The Soviet move worried President Carter so much that, to his eternal credit, he initiated support to ragtag bands of freedom fighters known as the mujahideen.
They would fight toe - to - toe with one of the greatest military machines the world has ever known. President Reagan continued to send them arms in increasing numbers and sophistication.
Also, President Reagan cobbled together an in - exile coalition government, a group of very different people --- everyone from supporters of the Afghani monarchy to Muslim radicals --- who would run the country once the Soviets were defeated.
And defeated they were. After 10 long years, half of which their country was brutalized under the "kindler and gentler" Gorbachev (Soviet landmines made to look like toys was _not_ empty Cold War rhetoric, but part of a methodical effort at genocide to exterminate a troublesome people), the Mujahideen drove the Red Army into ignominious retreat.
It is no coincidence of history that the Soviet Union and Warsaw Pact disintegrated less than a year after the Red Army's defeat; military dictatorships don't absorb military losses very well. So when the Wall came crashing down, it was turbaned men of the Asian steppes who deserved much of the credit.
And Afghanistan dropped right off the screen.
The Soviets left. War over.
Like children walking away from a videogame, the press and politicians of the West deserted Afghanistan. "

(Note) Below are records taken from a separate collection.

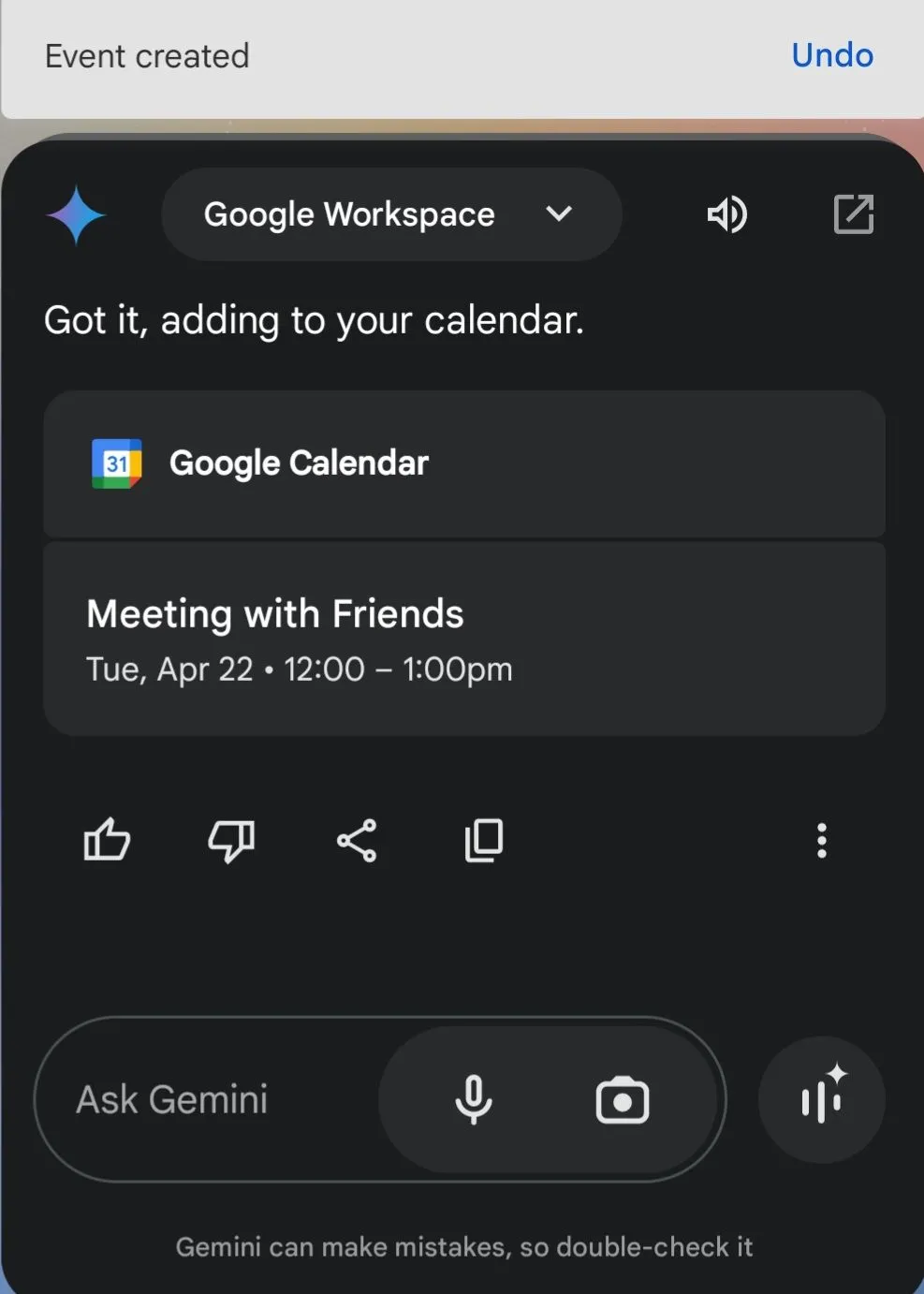 Tạo sự kiện mới trên Google Calendar bằng lệnh giọng nói qua Google Assistant hoặc Gemini trên điện thoại Android.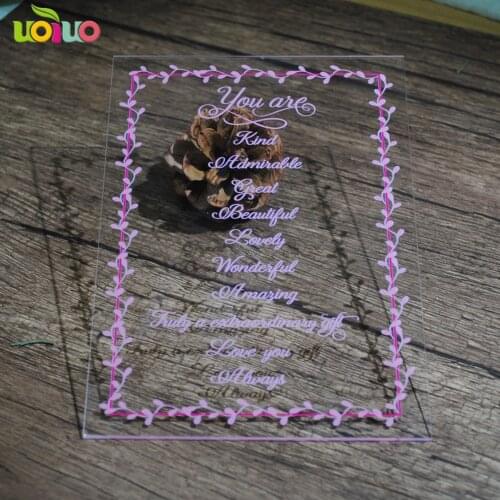 20pcs popular brand laser cut acrylic wedding invitation card various color printing customize invitations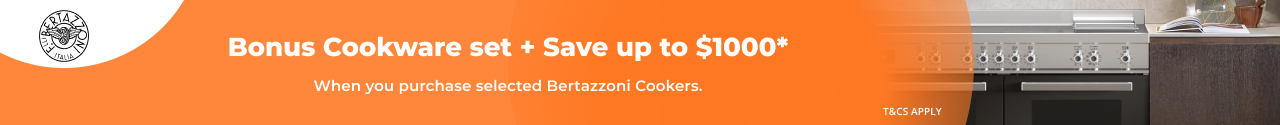 Bonus Cookware Set Plus Save when purchasing selected Bertazzoni Cookers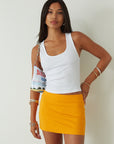 orange mini skirt. summer bottoms. summer skirt. going out outfit. going out skirt. summer outfit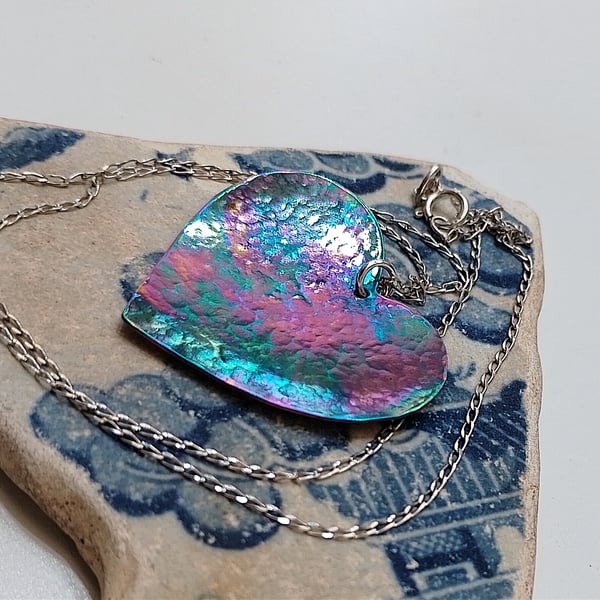 Heart Coloured Titanium Pendant Necklace (NKTTPDHT1) - UK Free Post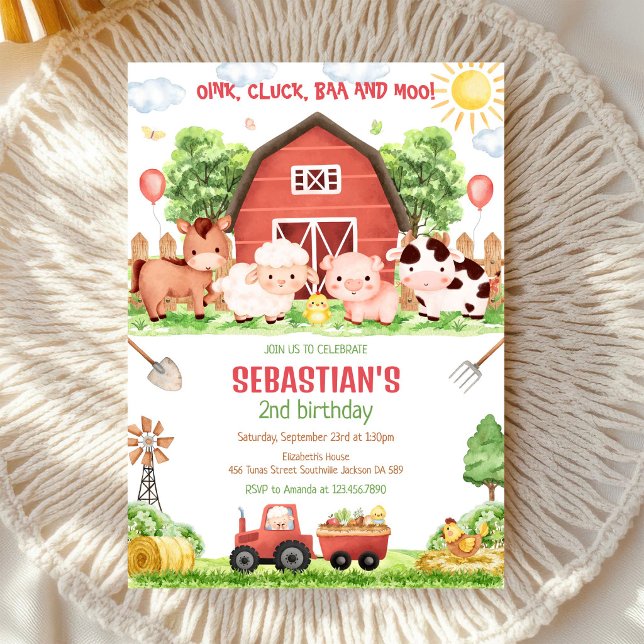 Convite de Aniversário Infantil Animais de Fazenda (Criador carregado)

--> This is one of many times we have left a Middle Eastern country (or stopped actively doing anything) and just walked off because the government felt it was unnecessary, people involed or otherwise.
"Then the Taliban came.
The Taliban (a Persian word meaning "student of knowledge", usually applied to a religious student) originated as vigilantes seeking to restore order. Several teenage girls were kidnapped and raped by a local Mujahideen commander / warlord. Outraged at the crime and angered that the girls remained captive, 16 students under the young (30 something) Mullah Omar stormed the warlord's stronghold, freeing the girl and executing the rapist.
The Taliban continued to grow in numbers and continued to restore order in the country. They enjoyed great success; people actually looked forward to the Taliban coming to their towns, because then the rapes and robberies and murders that were occurring hourly would stop.
The Taliban were akin to the "good" gunfighter of the Old West, swaggering into town and killing all the bad guys. They were Robin Hoods with Kalishnikov rifles, Round Table knights charging into battle.
Unfortunately, their leader, Mullah Omar, was a student of Hektmayer.
They declared that they were going to take over the country and run things. Who could blame them? Democracy had given them chaos, and the West had done nothing to help. The Taliban were supported by the majority of the public who were sick of the anarchy and who viewed the new freedom fighters (most of them so young that they had never known anything but war and refugee camps) as finishing the liberation of their country.
As the Taliban moved from the rural areas into the cities --- culture clash! The mostly pro - West (and mostly corrupt) populace of the cities viewed the Taliban as barefooted fanatics, and to the Taliban these people represented everything that was wrong with Afghanistan! "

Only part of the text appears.